“I’m Doing This For Me,” and Other Things Artists Forget

Okay, as cheesy and great as that title would be for a longer article, or even a blowhard self-help book by artists for artists (sign me up), this is just a snippet of what I’ve been thinking about lately that falls under this title’s message.

A conversation with a friend recently made me realize something simple that I forgot. Sometimes doing a project isn’t for anyone but yourself.

At some unfortunate and tragic moment in life it seems that creative people stop having fun and exploring their craft and mostly focus on how it’s going to appeal to people, and how they are going to market what they create.

So instead of artists discovering new styles or just sitting down after a long day and having fun with the thing that has made them feel special since they were young, their minds immediately think of their creativity as work.
And for the most part…that’s the opposite of growth.

Speaking for myself, this is exactly where I am right now.

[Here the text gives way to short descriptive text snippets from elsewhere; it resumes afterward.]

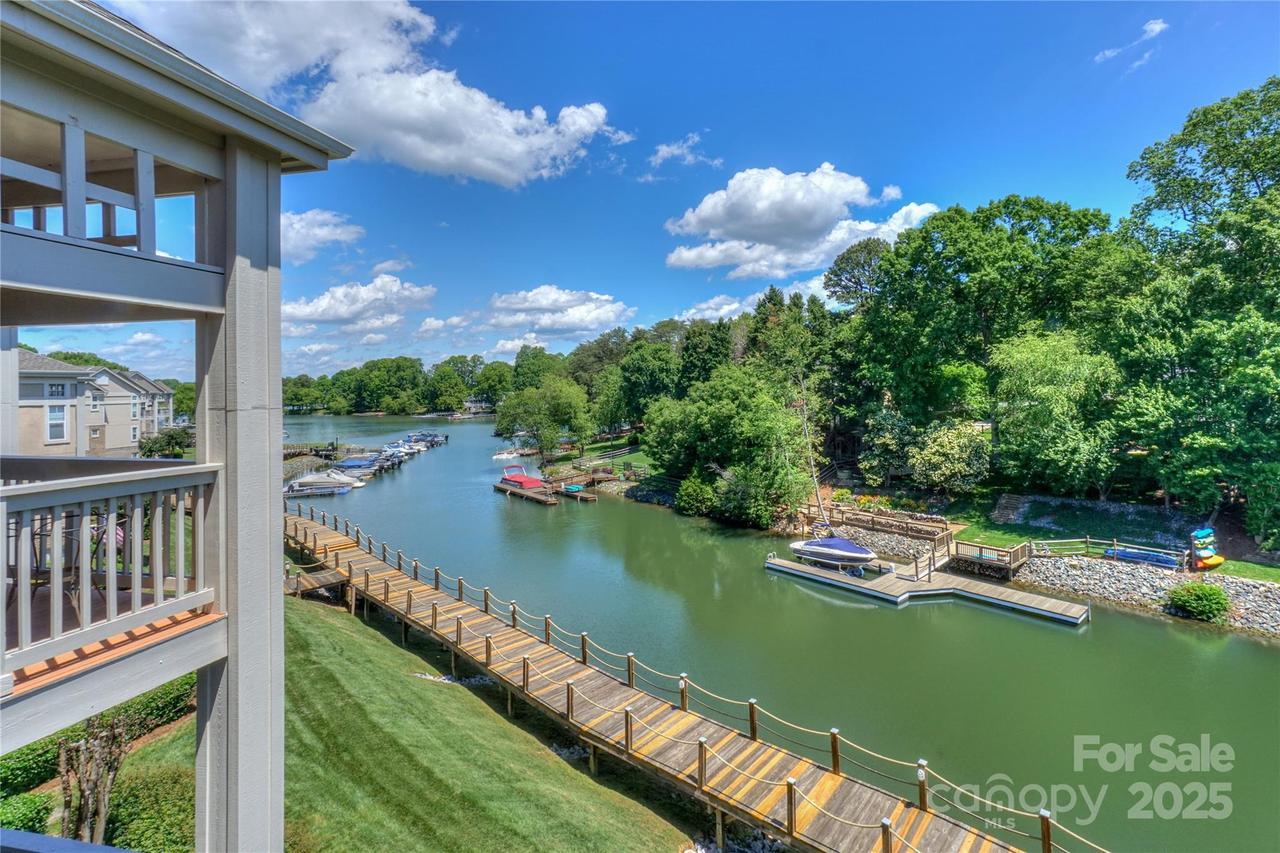 104 Pier 33 Dr. #312, Mooresville, NC 28117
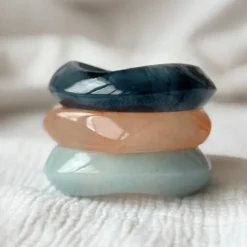 Bracelet jonc en résine mado colori bleu clair de 66mm Bleu clair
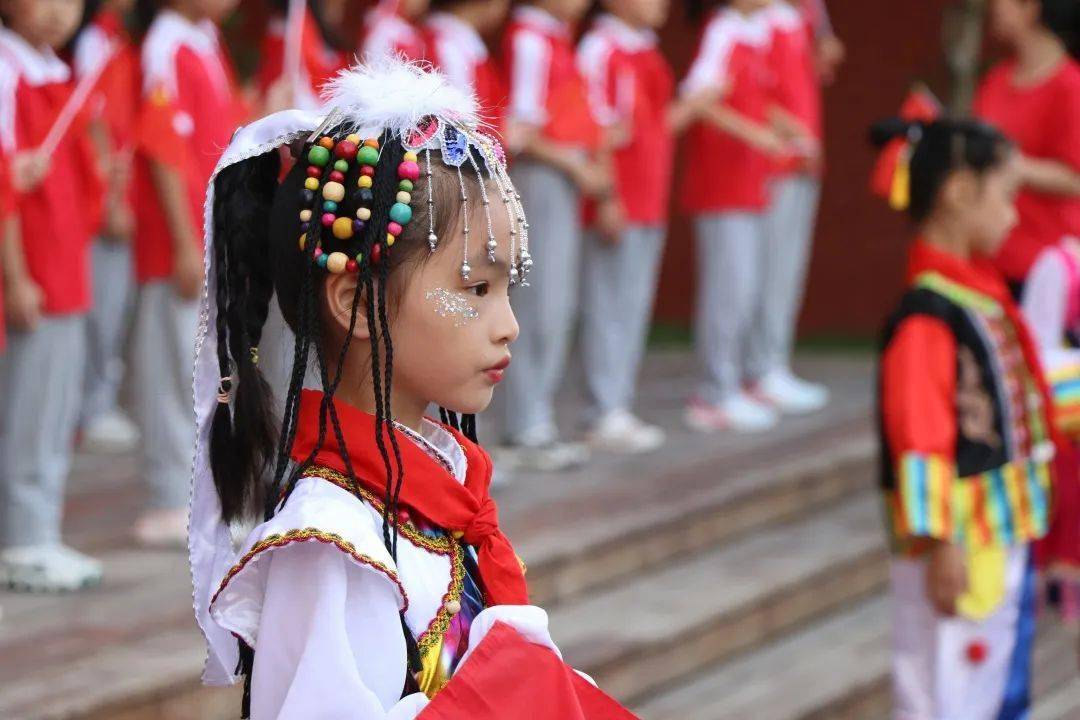 德育节日唱响最美中国做红色接班人檀枫校区红歌礼赞迎国庆活动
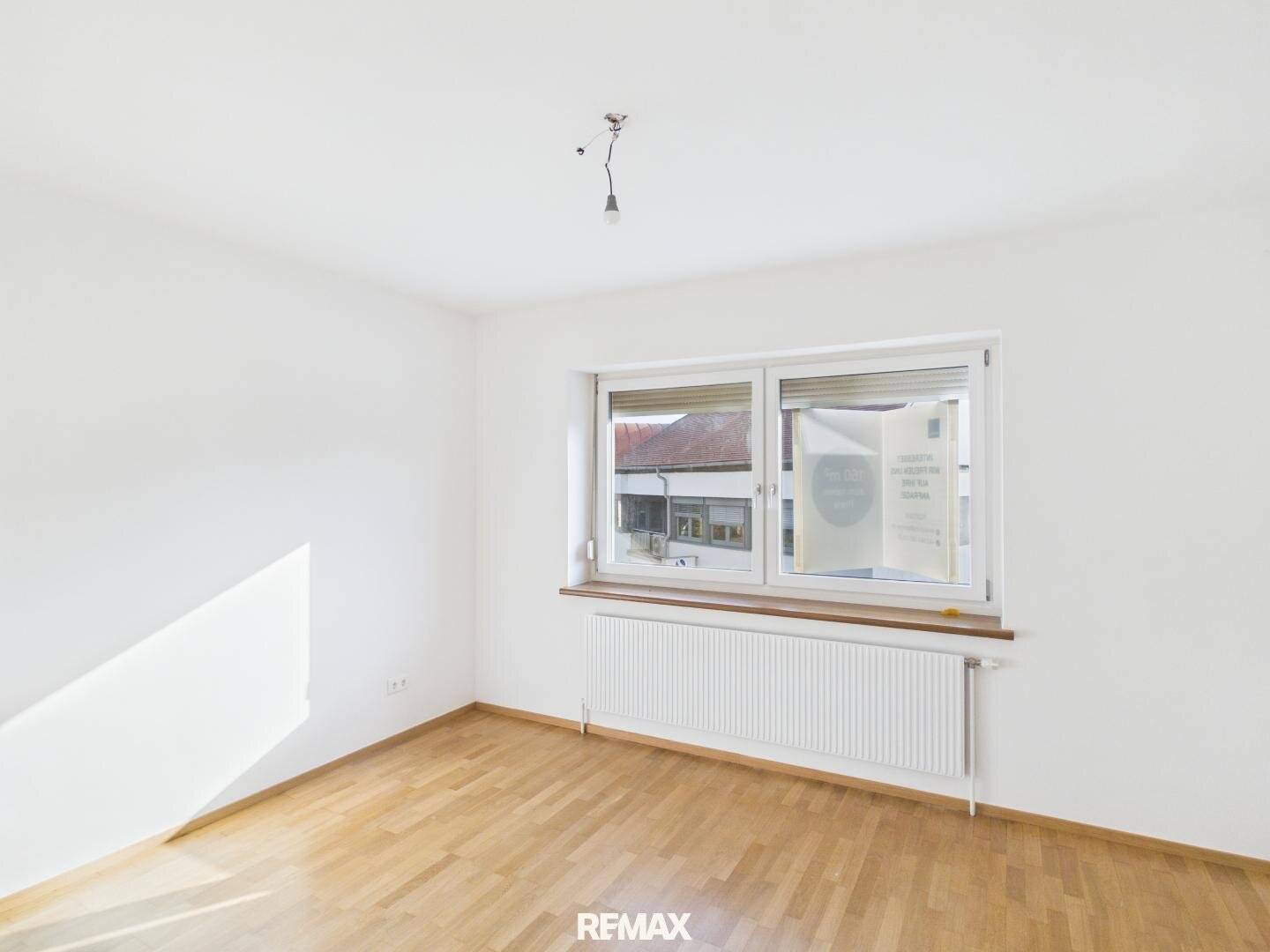 Großzügige Wohnung Zentrum Frauenkirchen Balkon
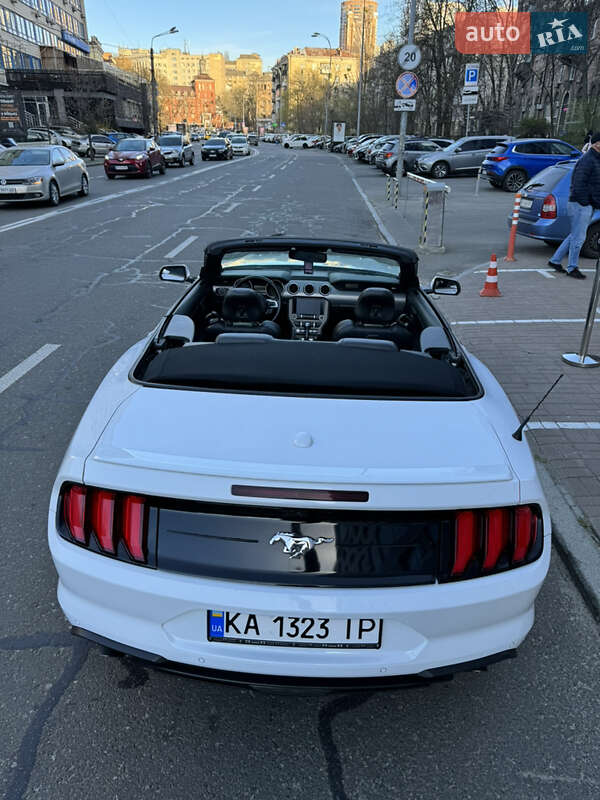 Кабріолет Ford Mustang 2020 в Києві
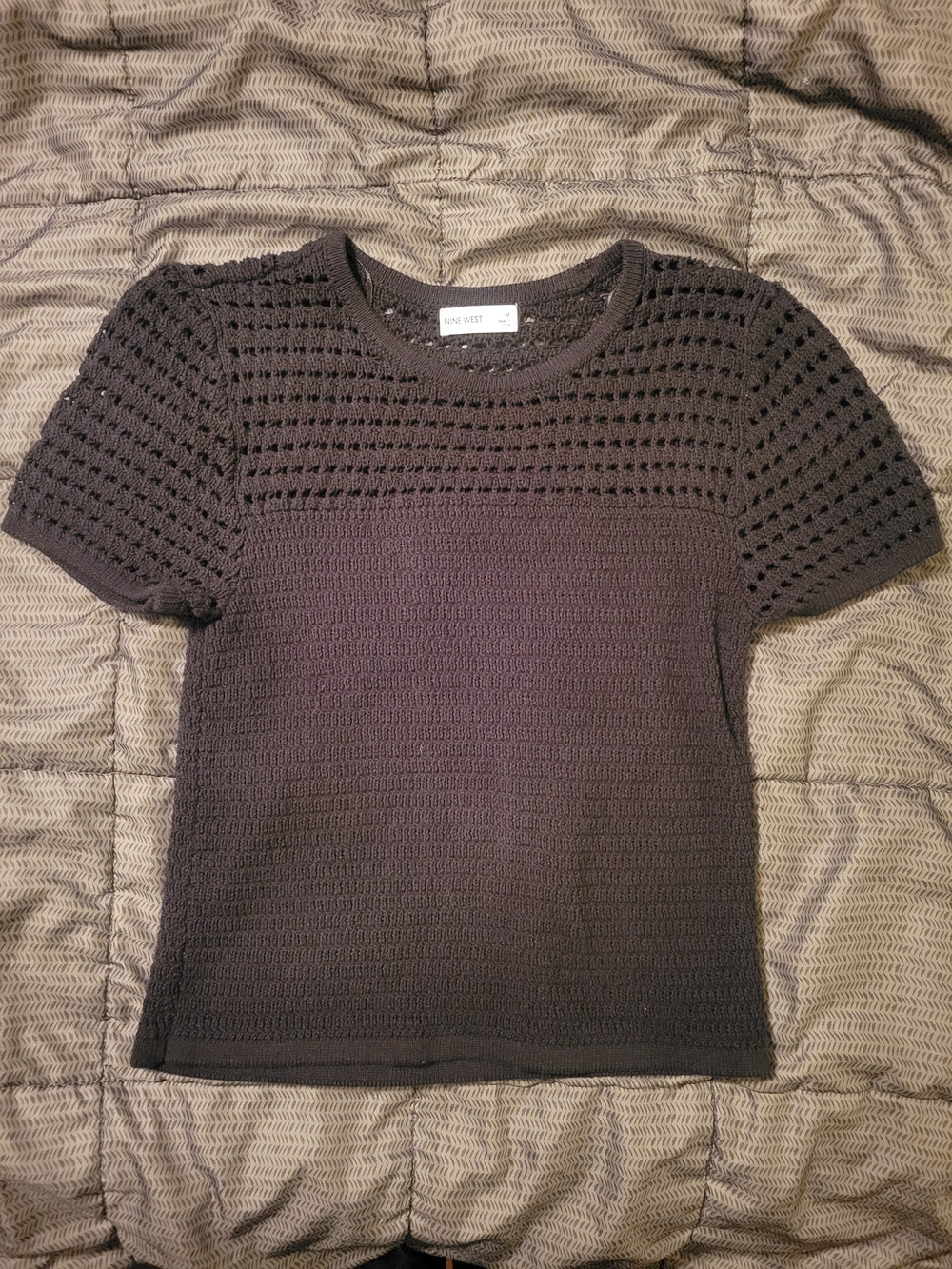 Nine West Short-Sleeve Knit Top in Black, Size Medium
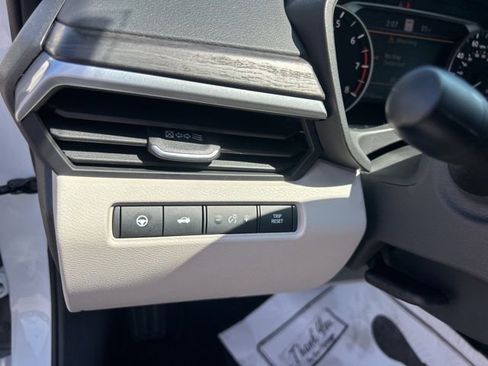 Used 2025 Nissan Altima 2.5 SL FWD image 18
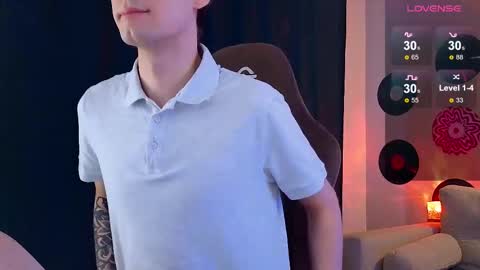 Snapshot of debugmee chatting on March 2026 05:19:01 AM Samuel online show from March 2026 05:19:01 AM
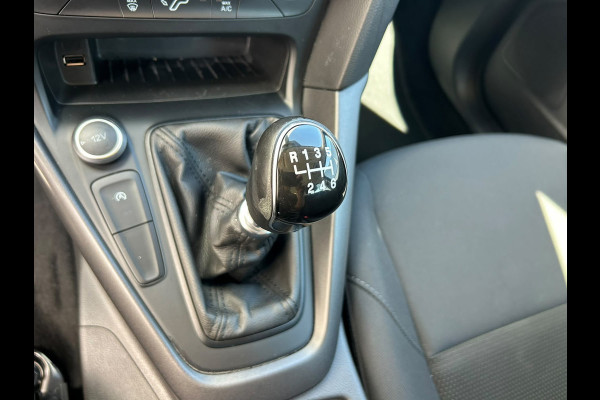 Ford FOCUS Wagon 1.0 Lease Edition | CARPLAY | TREKHAAK | NAVI | BLUETOOTH | CC | PDC | APK T/M 7-6-2027 | NW DISTRIBUTIE | TOPPER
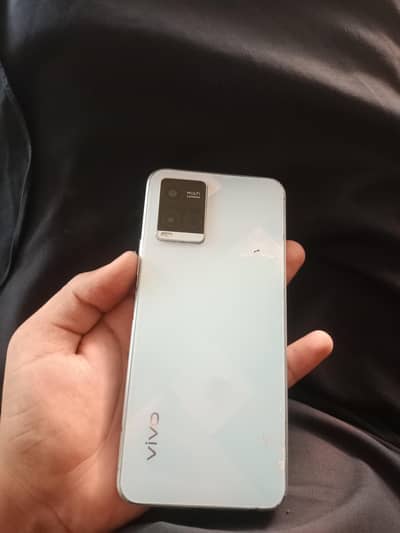 vivo y21 4/64 box ke sath Hy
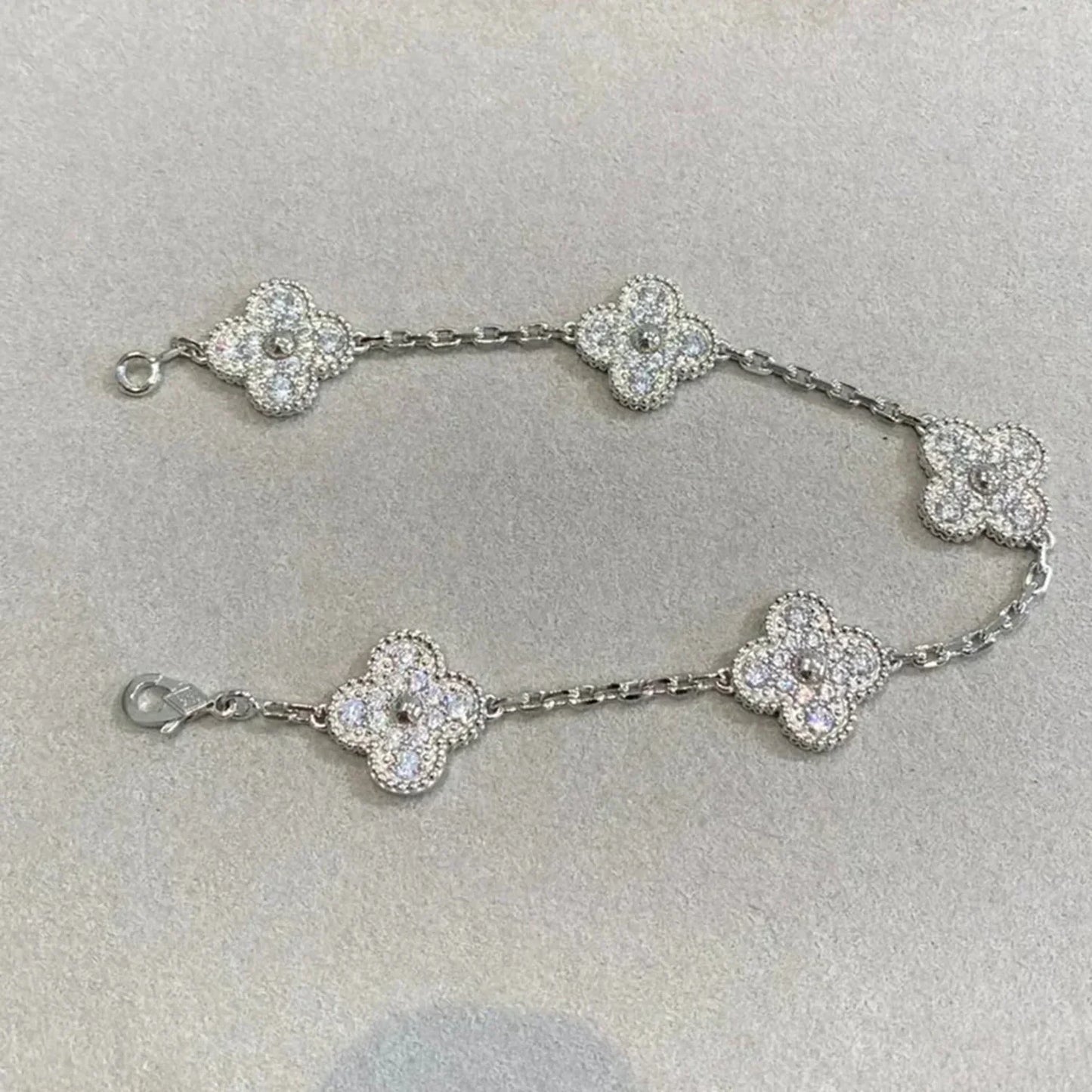 [Baslove]CLOVER 5 MOTIFS  DIAMOND BRACELET SILVER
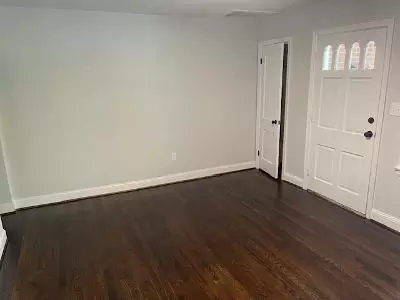 Living - 3610 Pinevale Rd, Roanoke, VA 24018 photo 2 of 2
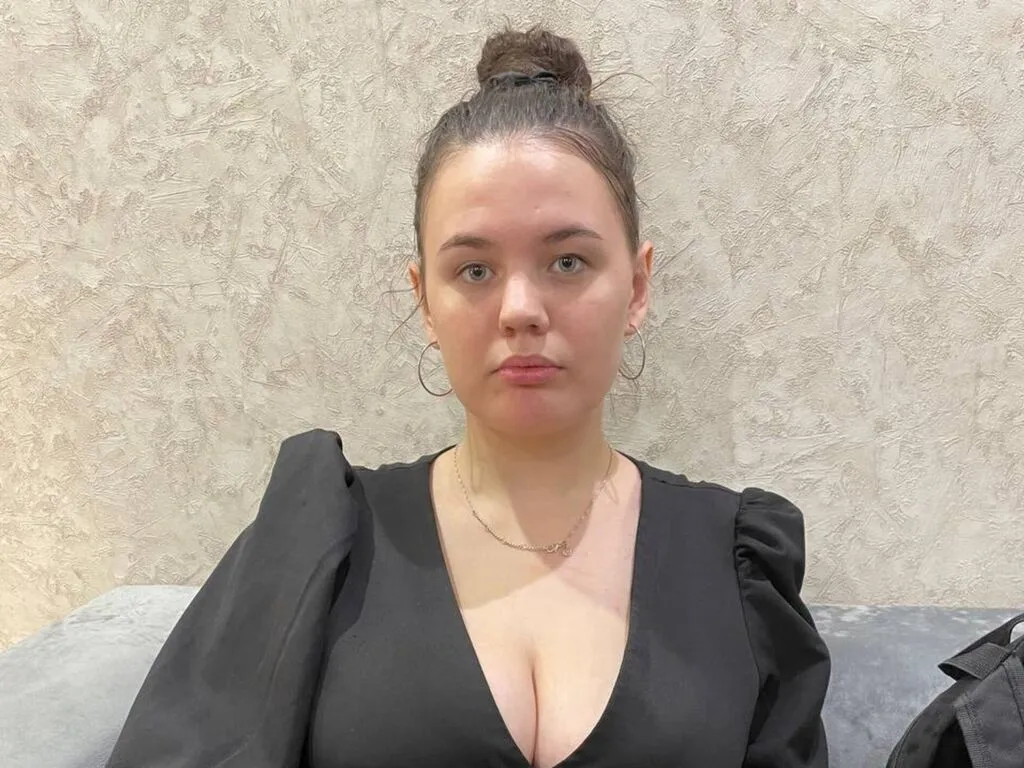 Live sex webcam photo for AnnKim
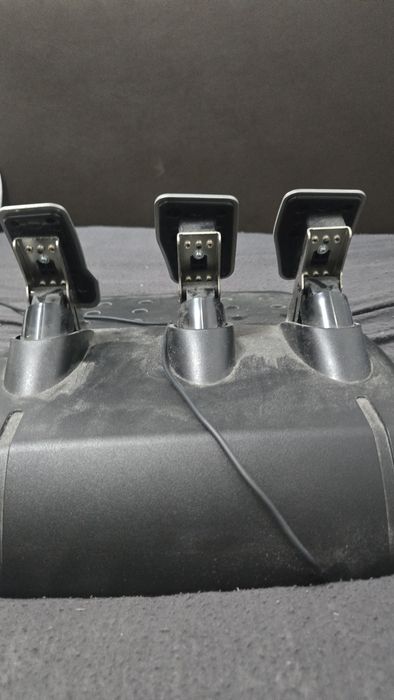 Volan si pedale  G923 Logitech cu butoane de playstation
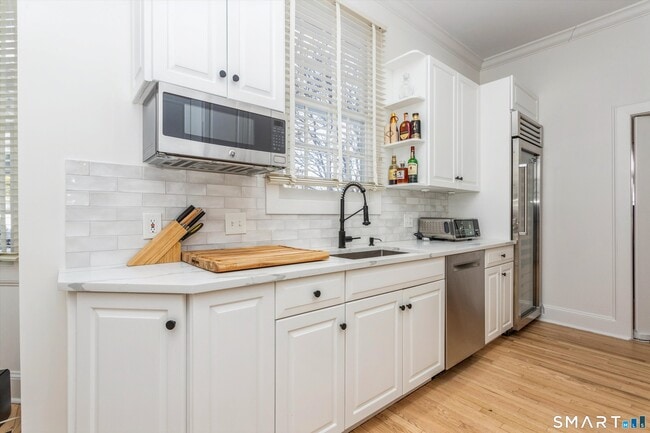 Building Photo - 48 Spring St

When I was in college taking creative writing classes, I would play around with different story ideas and just write a story that I had fun thinking about. Sure it would need work, or it wasn’t the best thing I could turn out, but that’s just part of the learning experience! And at the end of the day I still had this piece of work that I created and valued on a personal level.

Now, out of college and having not taken a creative writing class in a year or so, I feel stagnant. Creative writing has always been something that came naturally to me, but with the pressure of trying to be great (whatever that means), and appealing to people, and rounding out everything that I do so that it’ll be liked more, I lost my passion in the process.
And I know this feeling is felt by the entire spectrum of artists out there, especially young artists like me dreaming of getting their own break.

I guess what I’m trying to say is, it takes a lot of effort to push through creative funks and high, unobtainable goals, and yet artists have to reach that point anyhow. But it’s important to know when to step back and try a different goal for the time being. Level up, do a side quest, talk to everyone about anything. There are more goals out there than having people see your work and liking it. We forget that a lot.